The matter of acoustics is a delicate one. To most people, it doesn’t even occur that their piano needs to be tuned every six months, as is recommended. Open up one of these prized instruments and take a look inside – it’s a disaster in there! Half year of such out of tune ‘lessons,’ and your music ear will be ruined anyway! Furthermore, the quality of the sound of contemporary EKs isn’t much worse than their acoustic counterparts. They don’t need to be tuned, and the sound is always ideal. Their price varies, and there is always something available for one’s budget. A 5-octave instrument that costs $100 is more than adequate for a beginner. What is most important is that a spirit of music appears in your school or at your home – an instrument that can be a good teacher for your students, your children, and yourself.
It is often said that the EK ruins the student’s “technique.” This is not true. If you have a developed coordination of all of your fingers and can freely control both hands, you will easily get used to the piano keys’ increased tension. For that matter, little Mozart learned to play on a harpsichord, which has a ‘soft touch’ just like an EK. Even if there were a Steinway in his house, his father Leopold would never have sat his frail, three-year-old boy behind it, expecting him to play freely with his thin little fingers. Piano technique starts from the development of the hand’s reach, the familiarization of the ‘territory of the instrument,’ and with the strengthening of one’s coordination in general. Only after that, when the instrument becomes a part of yourself, when your coordination becomes your fulcrum, can you sit at any instrument and fine tune the strength with which you press on the keys and can polish the quality of the sound produced.
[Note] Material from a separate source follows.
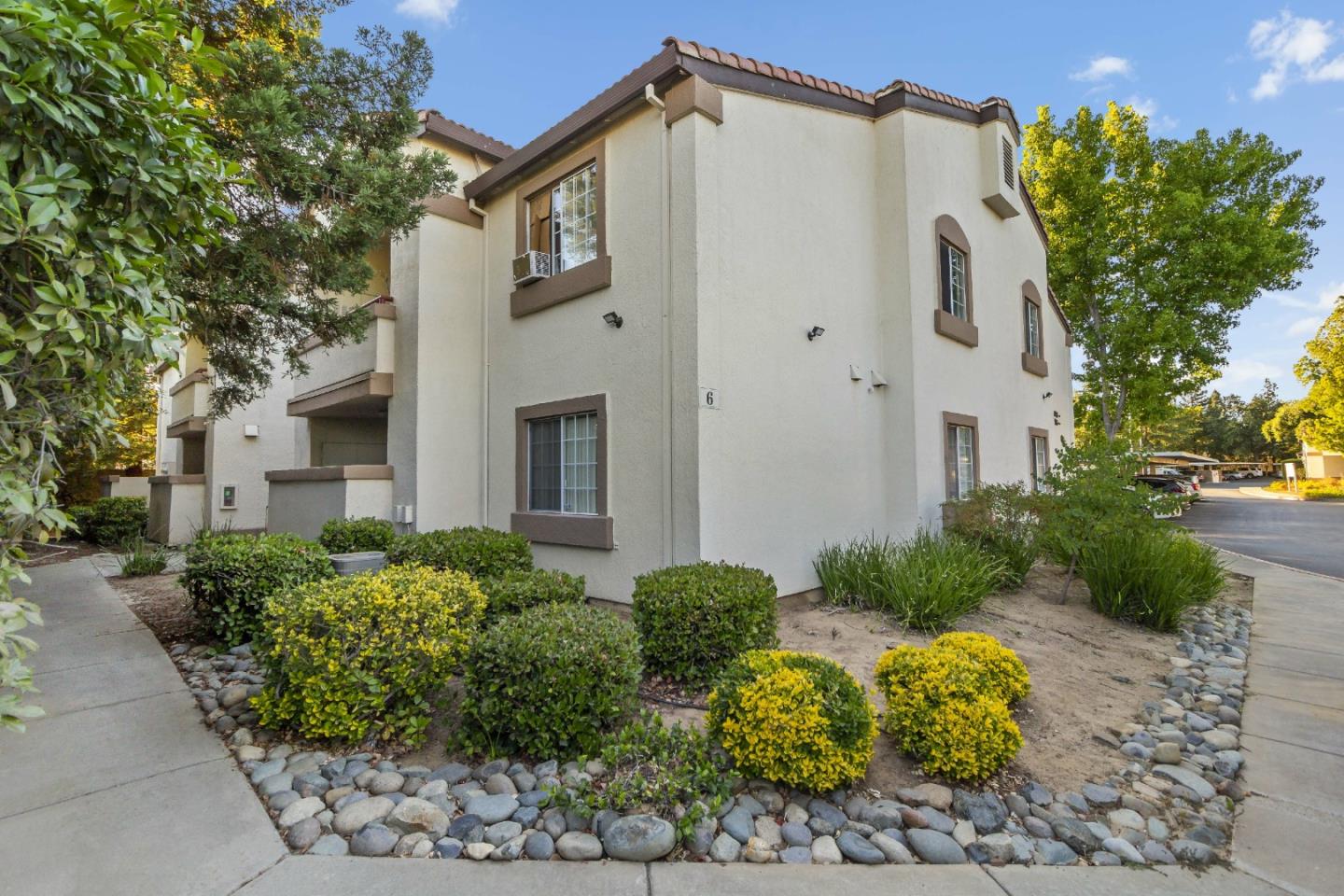 Detail Gallery Image 1 of 1 For 8020 Walerga Rd #1055,  Antelope,  CA 95843 - 3 Beds | 2 Baths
Contemporary EKs are a treasure for music education. In each of these instruments exists an entire orchestra. They contain hundreds of tones, beats, and songs that are like bright ‘picture books,’ irreplaceable to a beginner at the start of a long and exciting journey. And when playing from sheet music becomes an ordinary business to him, he will understand that he has outgrown ‘picture books.’ Then he will be ready for a piano, a violin, or even a different instrument! And only then will the grand piano be put to good use, rather than collecting dust in the living room.